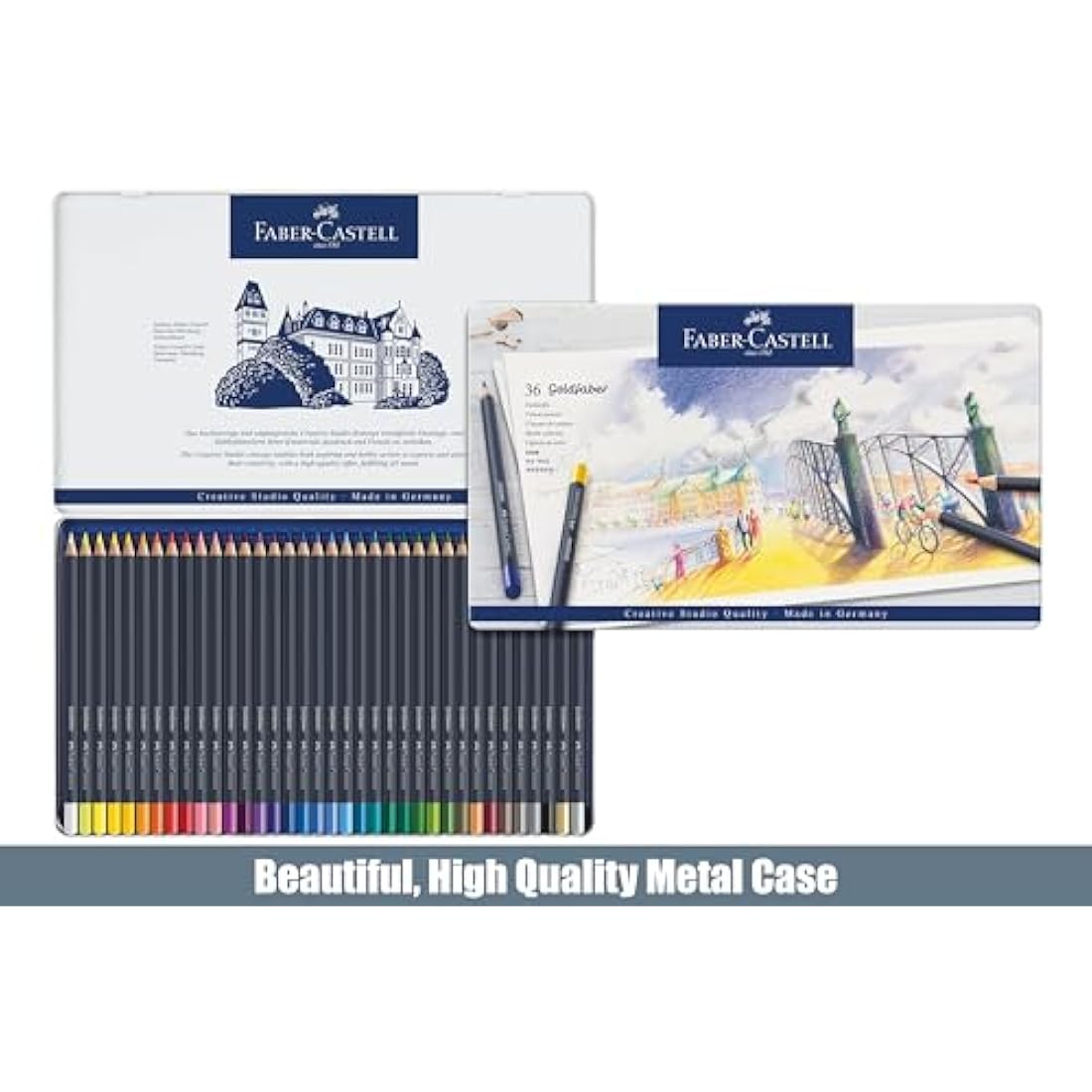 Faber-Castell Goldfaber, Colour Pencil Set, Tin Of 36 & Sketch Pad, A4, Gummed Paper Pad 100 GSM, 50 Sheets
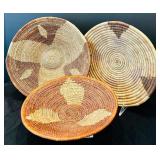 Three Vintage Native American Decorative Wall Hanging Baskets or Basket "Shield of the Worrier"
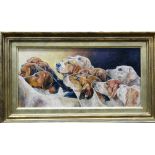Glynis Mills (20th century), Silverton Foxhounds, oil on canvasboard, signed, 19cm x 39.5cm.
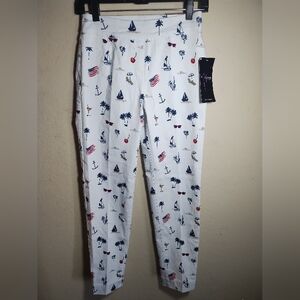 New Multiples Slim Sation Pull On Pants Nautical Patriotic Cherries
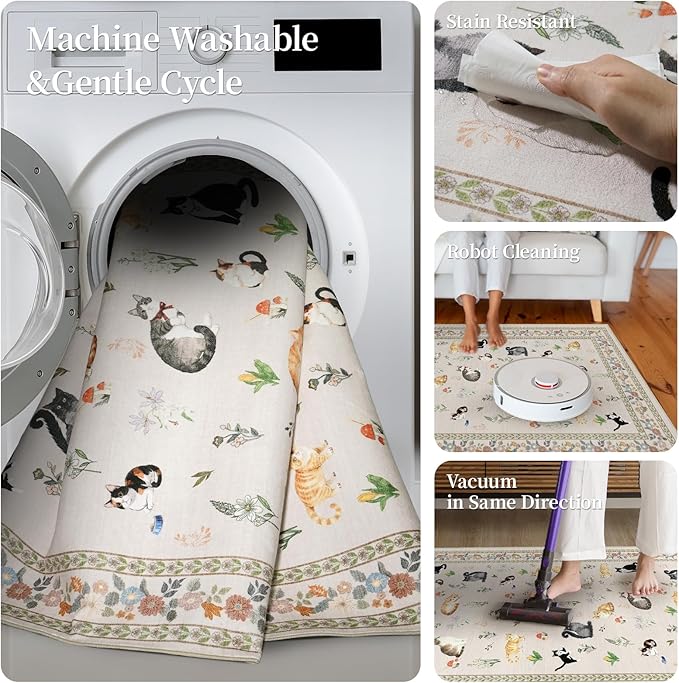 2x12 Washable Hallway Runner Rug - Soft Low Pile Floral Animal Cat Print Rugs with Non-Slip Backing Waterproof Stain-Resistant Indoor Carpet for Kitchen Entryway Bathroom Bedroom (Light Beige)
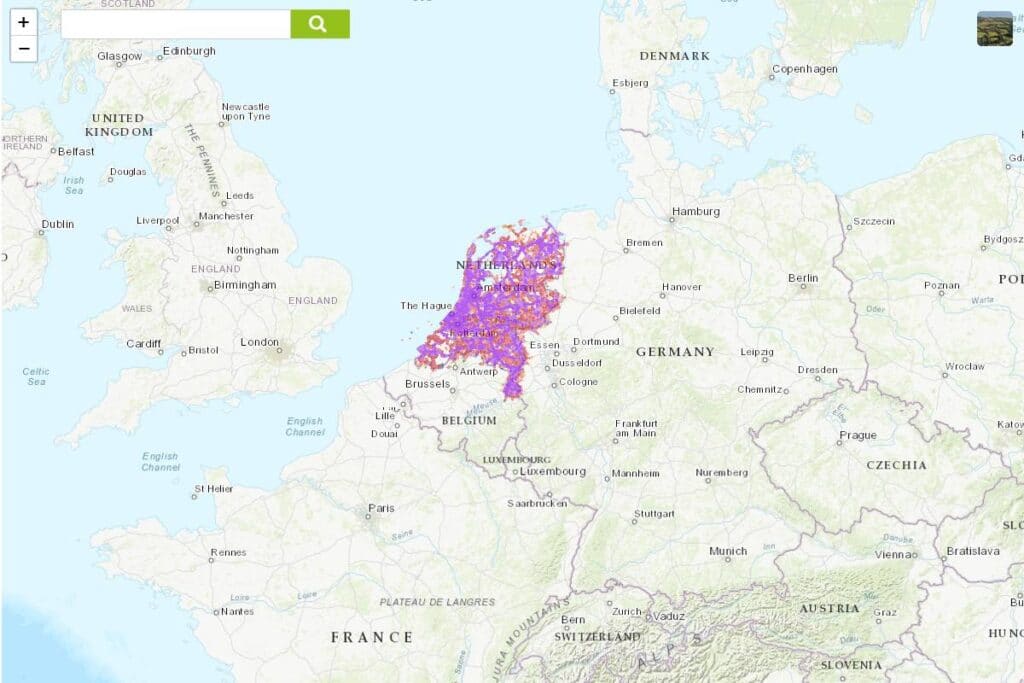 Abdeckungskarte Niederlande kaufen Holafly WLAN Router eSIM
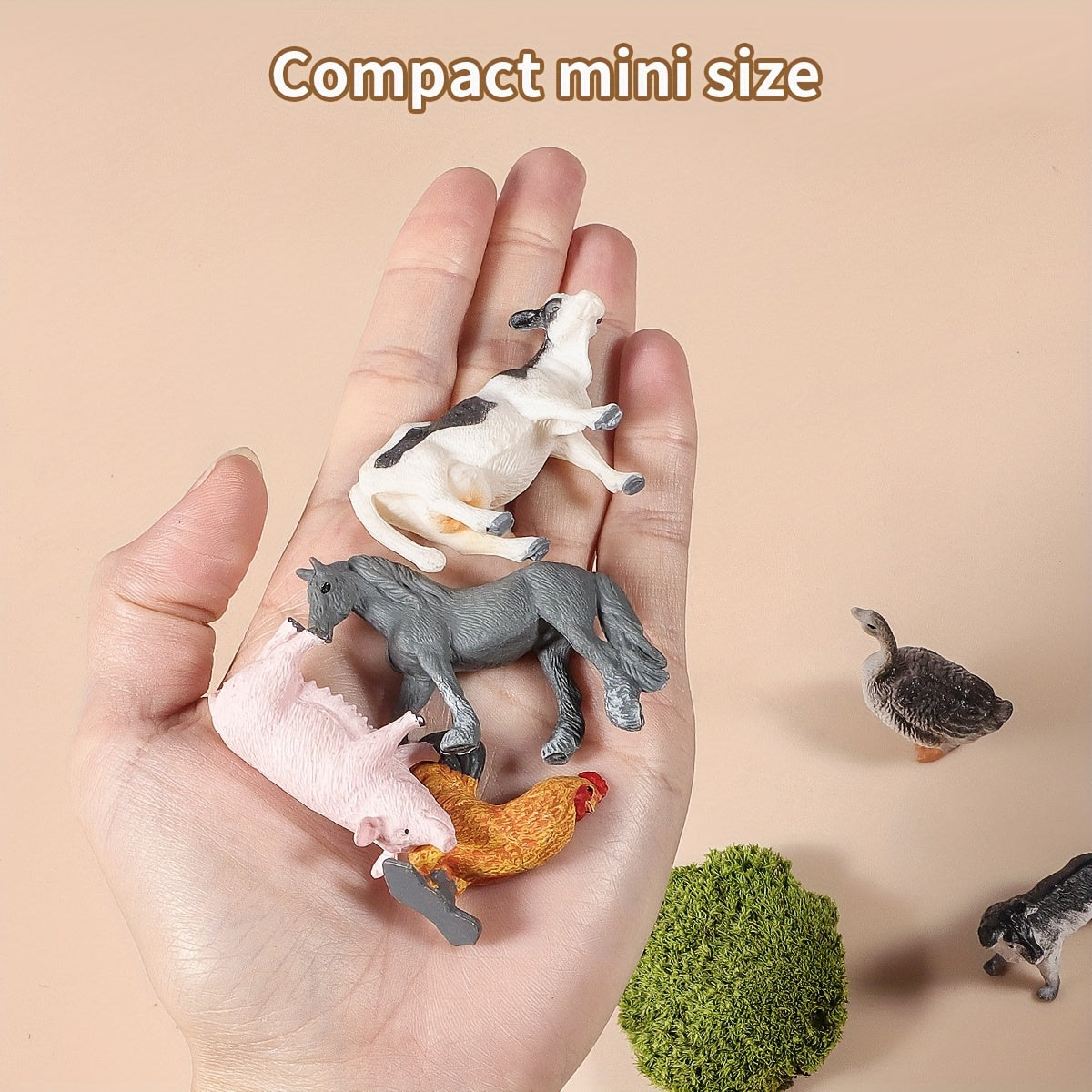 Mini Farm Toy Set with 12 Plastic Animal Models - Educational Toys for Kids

================

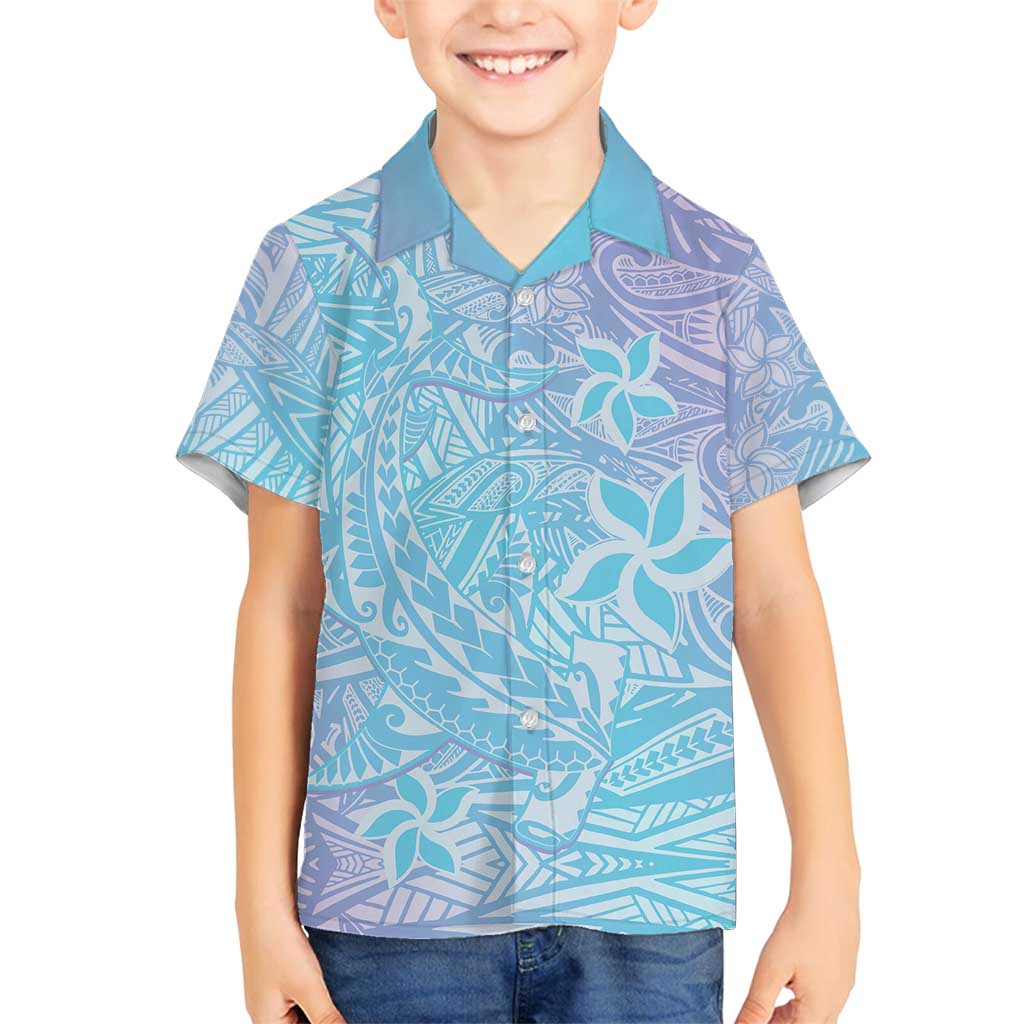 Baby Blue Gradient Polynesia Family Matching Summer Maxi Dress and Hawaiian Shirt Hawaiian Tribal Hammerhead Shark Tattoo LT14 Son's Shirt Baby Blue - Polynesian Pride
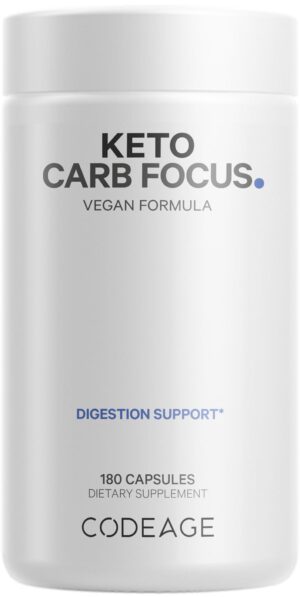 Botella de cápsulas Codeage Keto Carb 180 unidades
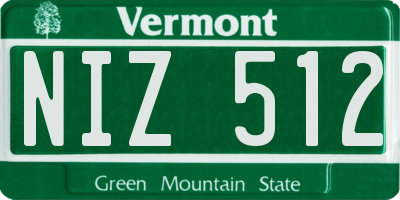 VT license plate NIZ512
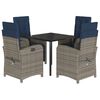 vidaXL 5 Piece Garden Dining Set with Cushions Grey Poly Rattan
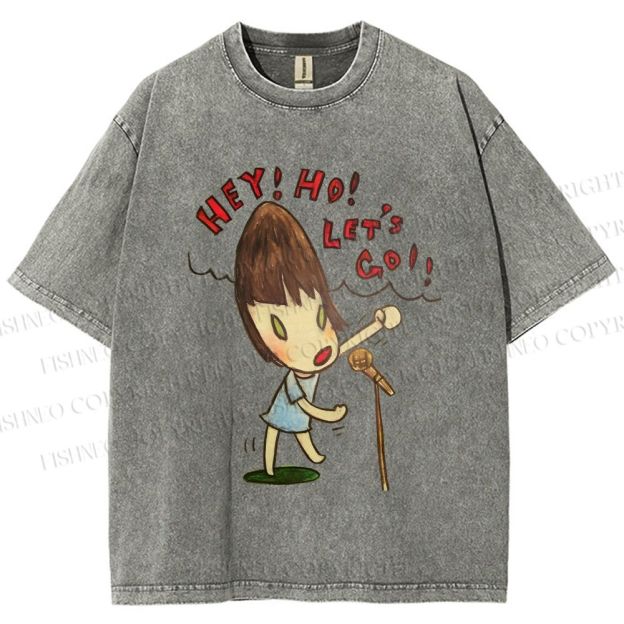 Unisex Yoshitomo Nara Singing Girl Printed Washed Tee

================

## BRIEF
Copy out exactly the lines above beginning with the line that contains "vidaXL 5 Piece" and finishing with the line that contains "Unisex Yoshitomo Nara", including both; leave the pictures out.

## EXERCISE SOLUTION
 vidaXL 5 Piece Garden Dining Set with Cushions Grey Poly Rattan
 Unisex Yoshitomo Nara Singing Girl Printed Washed Tee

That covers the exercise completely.